While working on n0time I was working with a number of colleagues at the University of California which is spread across the state in nine campuses (San Diego, Irvine, Riverside, Los Angeles, Santa Cruz, Davis, Berkeley, Santa Barbara, and San Francisco). We established UC Digital Arts Research Network (UC DARnet) and began working on large collaborative projects. Our first creative project was a piece that brought networks directly into the physical space through performance using wireless technologies. We hired an actress, Karen Black, equipped her with a small lipstick camera and a equally small earphone piece. She was sent to a conference that was exploring issues of collaboration to represent our entire group and we followed and instructed her movement, action and behaviour. The project was called Secret Agent.

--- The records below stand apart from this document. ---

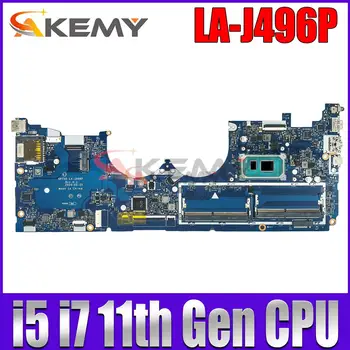 За HP ENVY X360 15T-ED100 15-ED лаптоп дънна платка M20700-601 M20704-001 i5-1135G7 i7-1165G7 GPT50 LA-J496P 100% Работещ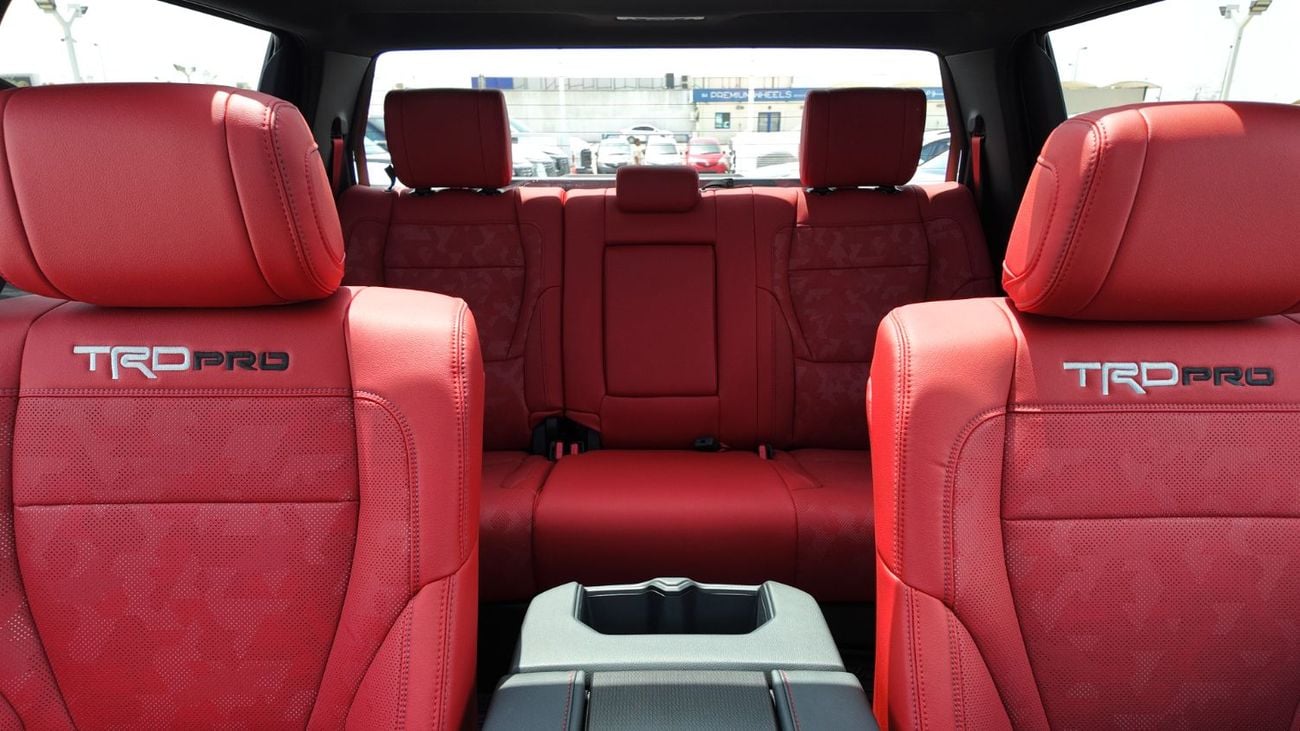 تويوتا تاندرا TOYOTA TUNDRA TRD PRO 3.4L TWIN TURBO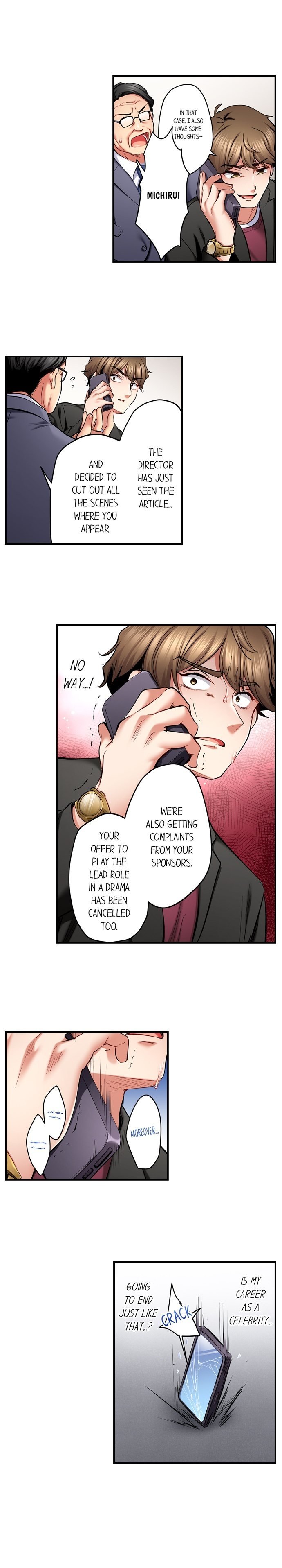 Even an Innocent TV Show Singer Needs Sex… Chapter 89 - Page 4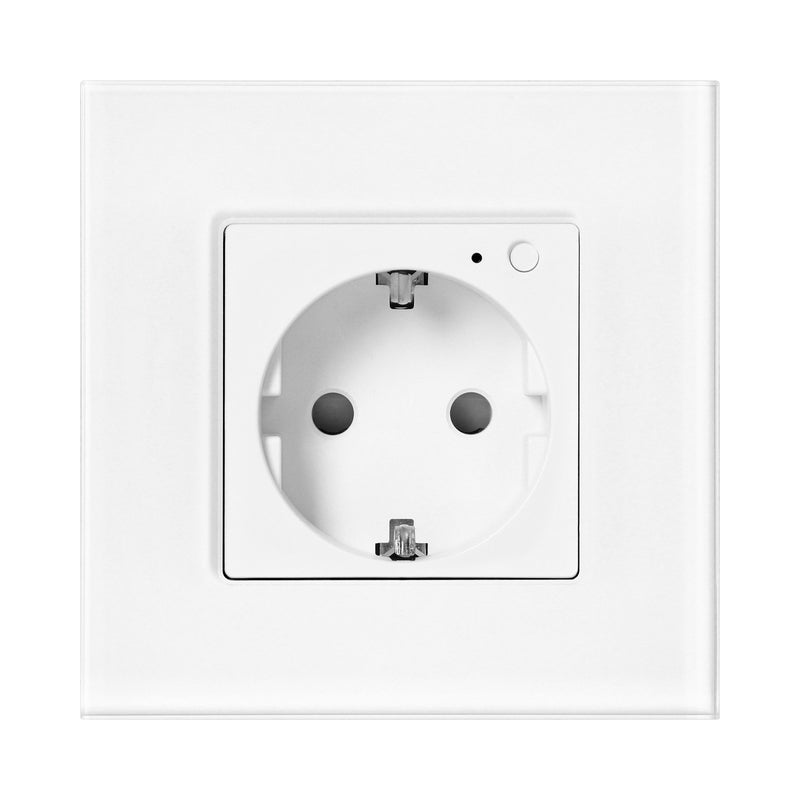 Wi-Fi контакт Шуко , Бял - TUYA Smart home OR-SH-17205(GS)/W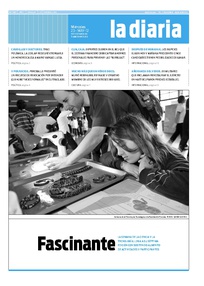 Tapa de la diaria del miércoles 23 de mayo de 2012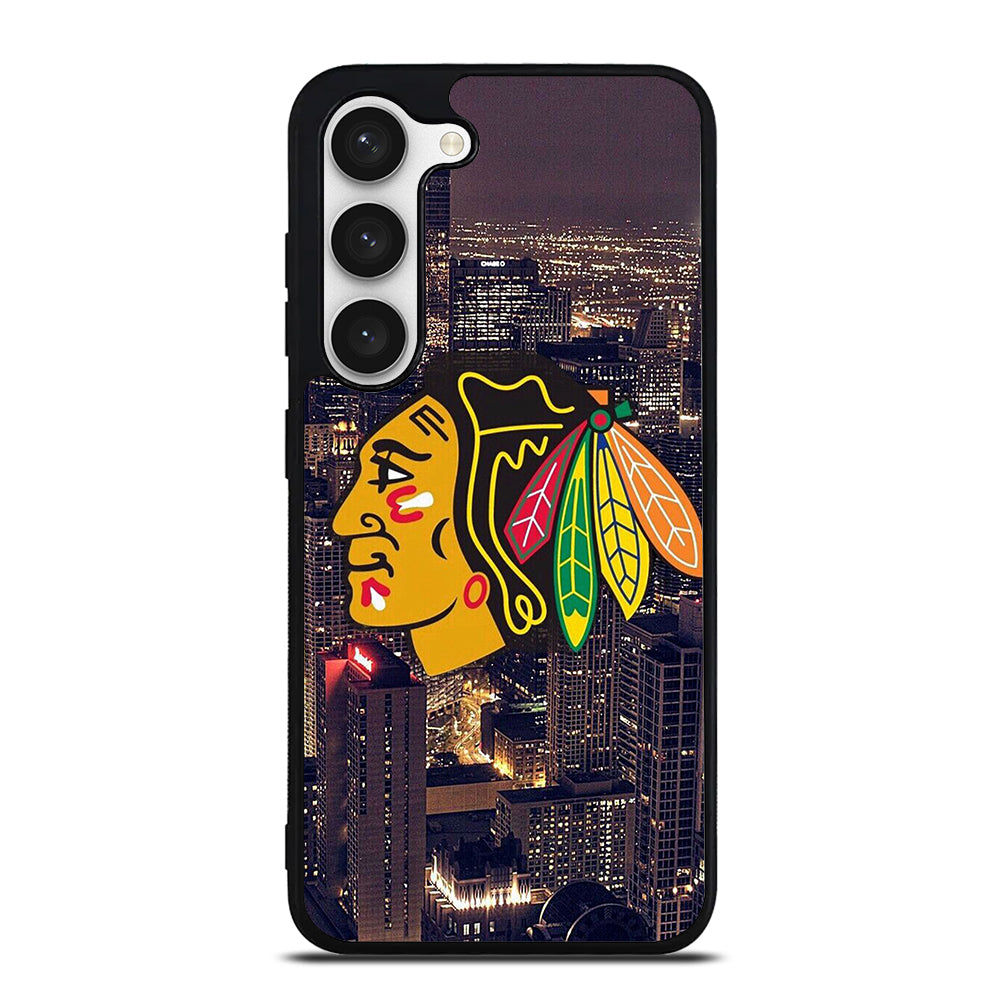 CHICAGO BLACKHAWKS CITY Samsung Galaxy S23 Case Cover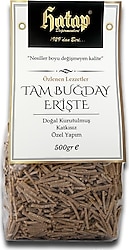 Hatap Değirmenleri Tam Buğday Erişte 500 gr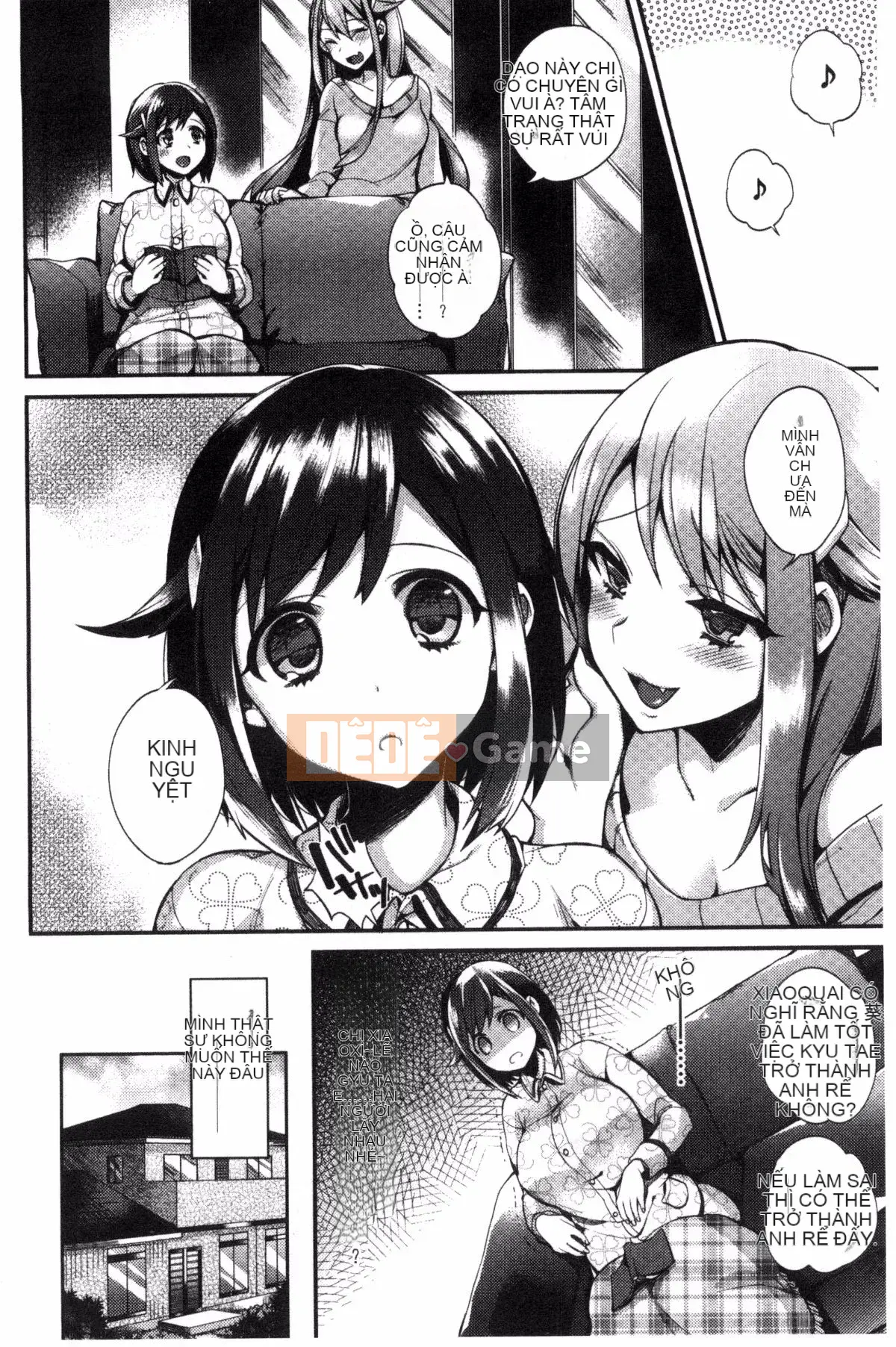 [Được sản xuất bởi Kazeyo Deathfish Sansanyo Haru][Shindo] Hoạt động tình dục dâm đãng của tiểu thư và hầu gái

Exploring issues of time in relation to human networks and our bodies as elaborate networks has moved my attention to the molecular level. Working with tensegrity made me think more in terms of emerging patterns in nature. No matter how alienated we may become, we produce patterns that mirror the natural world. Consider the cell phones that are already being taken for granted. The technological infrastructure is designed to be most efficient by divding cities into hexagons. Hexagons are found in many structures in nature, including beehives that fascinated mankind for centuries and the recently discovered buckyballs and buckytubes, the primary molecules driving nano-technology. My goal is to make these far reaching connections between the social structures we unconsciously build and the ones that are inherently the building blocks of nature. Making the invisible traces of our connectivity and mirroring of nature visible is my long term goal. Issues raised by such work are deeply philosophical and challenging as they require us to reconsider our world and make significant shifts in our consciousness. I am in the midst of conceptualizing and developing this work. After experimenting with audiences at SIGGRAPH and the American Film Institute (AFI) this August, I created my first installation using some of the ideas as a response to September 11th. This work is called Cellular trans_actions: 091101

All along, in parallel to my artistic output during this decade, I engaged in direct dialogue with scientists. I always found science labs much more fascinating then artist studios. As a result, I was involved in a number of activities that involved collaboration with science. In the 80's, I conducted a number of interviews with scientists who received Nobel prizes about their creative process and later participated in a large interdisciplinary project sponsored by the UC Santa Barbara called Research Across Disciplines (RAD). In 1997, I was also honored to direct and produce a CD-ROM for Stephen Hawking -- Life in the Universe. Both RAD and Life in the Universe were done in collaboration with Robert Nideffer. Currently I am collaborating with a nano-scientist, James Gimzewski. Together we created a work entitled Zero @ Wavefunction that has evolved into a larger, more complex exhibition that we are now pursuing with Katherine Hayles and a large interdisciplinary group at UCLA -- NANO. We are developing a series of installations for that will attempt to balance poetic visions with cautionary moments while respecting the scientific process. This work will premiere at the Los Angeles County Museum Lab in November, 2003. As I consider some of the issues that this new science brings up, it is clear to me that this is the beginning of the next decade of my work. I believe that we live in an exciting time that is filled with danger and urgency. For artists working with emerging technologies, engaging social and cultural issues raised by the amazing innovations in science, this is a particularly exciting time to live in.